Otherwise, if your car engine is running on full-synthetic oil, it may go as far as 15,000 miles before you change the oil. In most cases, it will boil down to the manner in which you drive your car and in what conditions.
When to get an oil change with synthetic oil?
The best way to go about this is to check your car owner’s manual. This should be your first point of reference whenever you’re contemplating an oil change. Don’t make assumptions based on experiences you had in the past or blindly follow recommendations from your local mechanic.
You should know that the interval has “evolved” over the years, thanks to advancements in technology! The latest models of pickups and SUVs come service reminder monitors that keep track of the distance the car has covered and alerts drivers to make an oil change once the threshold has been reached.
Changing the oil will be easier if your vehicle falls into this category. Otherwise, most people swear by the 3000-mile rule, although development in engine oils have rendered this guidance obsolete. You’ll find many cars today that will give you oil change intervals of 7,500- to 10,000 miles.
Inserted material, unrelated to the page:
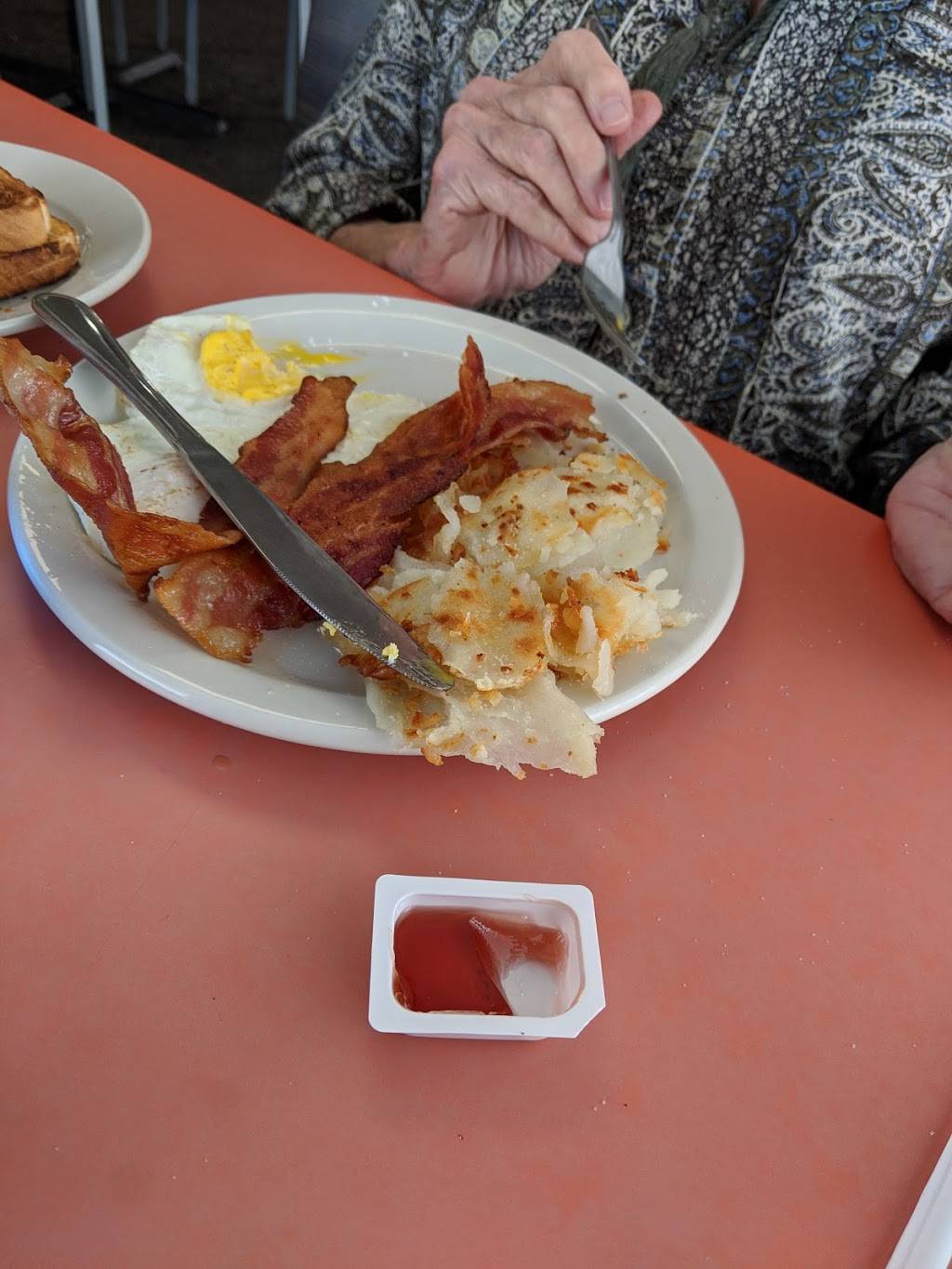 Rosalies Restaurant | restaurant | 989 N Wooster Ave, Strasburg, OH 44680, USA | 3308785896 OR +1 330-878-5896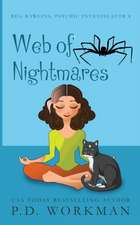 Web of Nightmares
Ultimately, your owner’s manual will provide more detailed and more accurate information on how often to change the oil than any mechanic you can find. Don’t get talked into agreeing to "too-often" oil changes!
Does synthetic oil degrade over time?
Just like mineral oil, synthetic oil degrades over time. The only difference is that the degradation happens at a totally different rate. Oil degeneration happens when it's used to run the car (over hours or mileage); the motor puts carbon, tiny amounts of water, as well as hydrocarbons (unspent gas) into the oil.
These particles contaminate the oil, which an oil filter can do a very nice job of getting rid of the carbon. The water gets into the oil as a result of blow-by, even though it evaporates as the car engine gets fully heated. Meanwhile, hydrocarbons stay in the oil and help to break down the oil additives.
The thing with synthetic oil is that the actual oil molecules never wear out; rather, it is the other additives that get used up.
How long does synthetic oil last in months?
If we are to go by the 3000-mile rule that most service stations recommend, this will translate to a period of about 3 months. But considering the advances in engine fuel technology and production, many automakers suggest that the oil is changed every 7,500 or 10,000 miles, which is an equivalent of 6 or 12 months.
Nevertheless, this may also be influenced by how frequently you drive the vehicle and in what conditions, e.g desert heat, Alaska cold, dusty environments, etc.
Several factors will determine how often you change the synthetic oil in your car engine. Generally, the older car models might require you to change the lubricant more frequently compared to the new ones. And you may also want to look at the conditions in which you drive your car, as well as your driving habits.
If you’re not sure about when to change the oil, it's always good to refer to the car manual or the oil indicators. You can also consult a reliable technician for help.
Remember that when buying synthetic car oil to use, look for a company with a good reputation that offers high-quality duration, function, and lubrication!